Search code examples
javaweb-scrapinghtml-content-extraction

Using java to extract a single value from an html page:


I am continuing work on a project that I've been at for some time now, and I have been struggling to pull some data from a website. The website has an iframe that pulls in some data from an unknown source. The data is in the iframe in a tag something like this:

<DIV id="number_forecast"><LABEL id="lblDay">9,000</LABEL></DIV>

There is a BUNCH of other crap above it but this div id / label is totally unique and is not used anywhere else in the code.


Solution

  • jsoup is probably what you want, it excels at extracting data from an HTML document.

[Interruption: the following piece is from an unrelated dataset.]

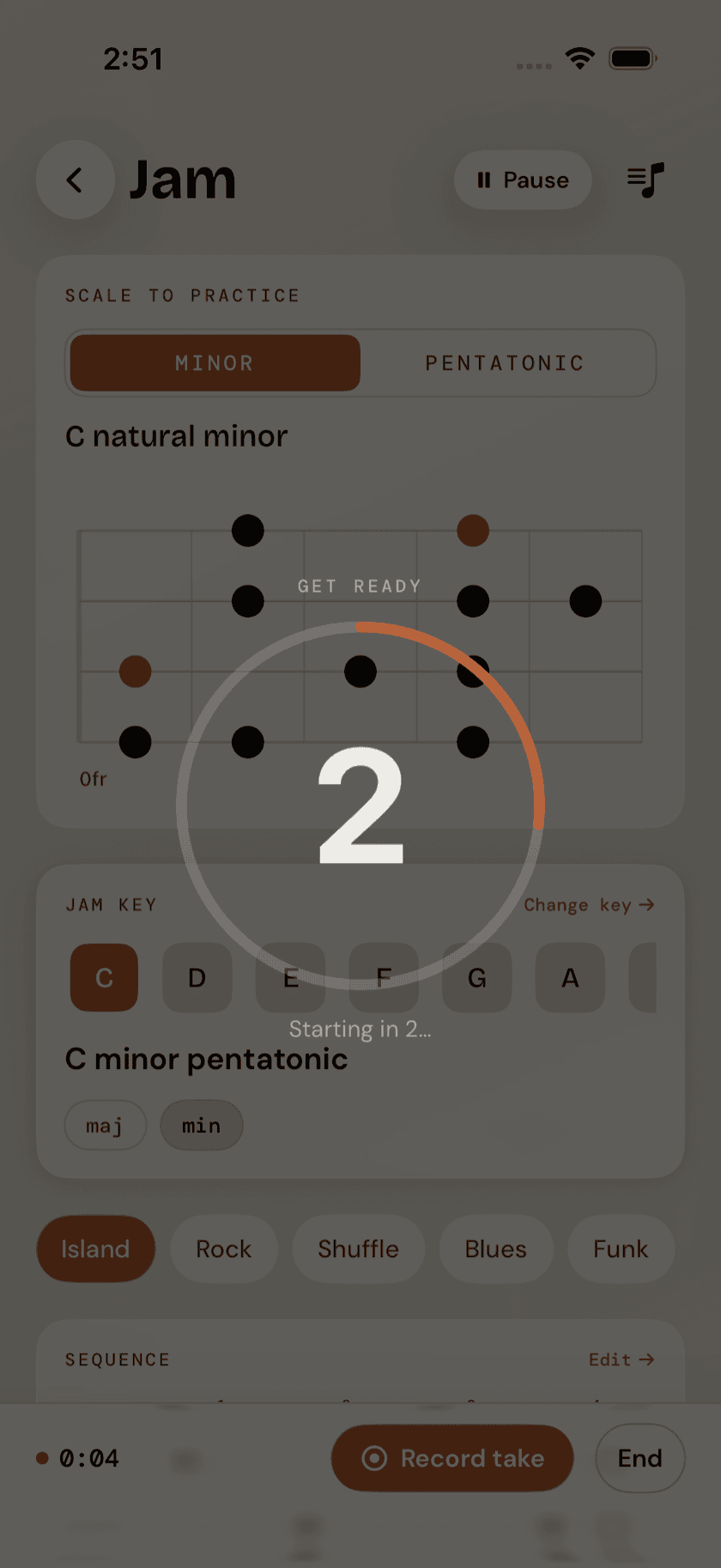 Jam screen, recording in progress with count-in visible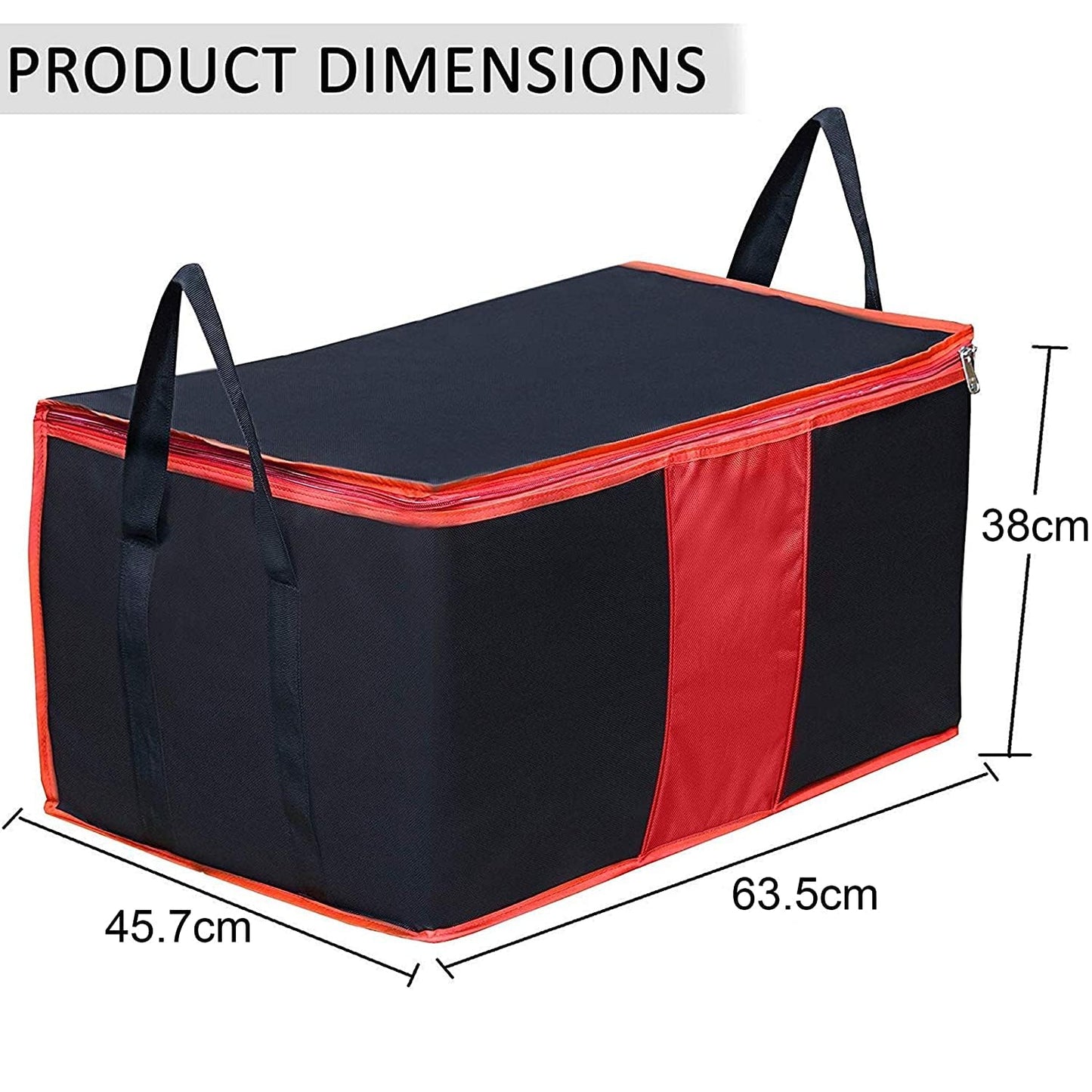 Storite Multi-Purpose Nylon Storage Bag – 110L, Rectangular, Heavy Duty - Black/Red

    There are many examples available showing how to use the API: http://jsoup.org/cookbook/extracting-data/selector-syntax

    The process will be in two steps:

    • parse the page and find the url of the iframe
    • parse the content of the iframe and extract the information you need

    The code would look like this:

     // let's find the iframe
     Document document = Jsoup.parse(inputstream, "iso-8859-1", url);
     Elements elements = document.select("iframe");
     Element iframe = elements.first();
    
     // now load the iframe
     URL iframeUrl = new URL(iframe.absUrl("src"));
     document = Jsoup.parse(iframeUrl, 15000);
    
     // extract the div
     Element div = document.getElementById("number_forecast");